# Empfehlenswerte Schriftarten



## Sprint (27. Dezember 2009)

Hallo zusammen,

da Weihnachten völlig überbewertet wird, habe ich mit einer neuen Seite angefangen, bei der über font-face eine andere Schriftart verwendet werden soll. Nach einigen Versuchen hatte ich mich für die Museo entschieden, die auf meinem Mac auch sehr gut dargestellt wird. Ein Windows User hat den ersten Test dann Probiert und sowohl auf Firefox als auch Safari die Schrift als unscharf beschrieben. Unter Chrome war sie aber gut lesbar.

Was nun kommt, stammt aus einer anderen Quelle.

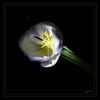 Dateiname=Detail_weisse_Tulpe_q_01.jpg
Dateigröße=159KB
Abmessungen: 850x850
hinzugefügt am: 04. März 2016 Detail_weisse_Tulpe_q_01.jpg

Meine Frage ist jetzt einfach, welche Schriften ihr empfehlen könnt, die auch auf Windows gut und scharf dargestellt werden. Generell suche ich auch für später alles mögliche, aktuell vor allem eine serienlose, moderne Schrift, die auch für Mengentext geeignet ist und möglichst Opentype , da die Seite später auch mehrsprachig sein wird.


----------



## Psychodelics (27. Dezember 2009)

Hi Sprint,

ich kann dir leider keine Schriftart nennen, aber diese Museo Schriftart sieht doch gut aus. Ich würde das vielleicht nicht überbewerten, dass es bei einem nicht so richtig geklappt hat.

Gruß, Adnan


----------



## Sprint (27. Dezember 2009)

Psychodelics hat gesagt.:


> Hi Sprint,
> 
> ich kann dir leider keine Schriftart nennen, aber diese Museo Schriftart sieht doch gut aus. Ich würde das vielleicht nicht überbewerten, dass es bei einem nicht so richtig geklappt hat.
> 
> Gruß, Adnan



Hi Adnan,

würde ich normalerweise auch nicht, aber das ist derjenige, der das Ganze bezahlt und dessen Meinung sollte man vielleicht nicht ignorieren.  

Sprint


----------



## Psychodelics (27. Dezember 2009)

Hi,

nee, das geht nicht, da hast du recht 

Tut mir leid, da kann ich dir leider nicht weiterhelfen. Ich wünsch dir auf jeden Fall viel Erfolg.

Gruß, Adnan


----------



## Maik (28. Dezember 2009)

Hi,

schau mal hier: Common fonts to all versions of Windows & Mac equivalents

mfg Maik


----------



## Sprint (28. Dezember 2009)

Hi Maik,

danke für den Hinweis, aber ich wollte eigentlich weg von den normalen Systemschriften und dem Inhalt der Seite entsprechend eine moderne, im Web einzigartige Schrift verwenden, wie eben die Museo. Zumal der FF Anteil ja immer größer wird und somit auch immer mehr die andere Schrift sehen können. 
Ich hab aber gerade festgestellt, daß mir Windows da einen gewaltigen Strich durch dir Rechnung macht. Weder Safari noch FF können scheinbar nicht-Systemschriften in zufriedenstellender Qualität darstellen. Da ich vom Mac gewohnt bin, daß alle Schriften sauber und scharf dargestellt werden, ging ich davon aus, daß das auf anderen Systemen auch so wäre. Wie kann man aber sowas nur von M$ erwarten! 
Vor allem ein direkter Vergleich FF Mac neben FF Win brachte dann aber Klarheit. Wenn ich Glück hatte, wurde sie einfach nur zu dünn dargestellt, so wie im anhängenden Beispiel. Dabei war sie hier schon einen Schritt größer als geplant. Andere Schriften wurden gleich in unterschiedlich dicken Linien und unscharf dargestellt. Windows ist für sowas also völlig unbrauchbar!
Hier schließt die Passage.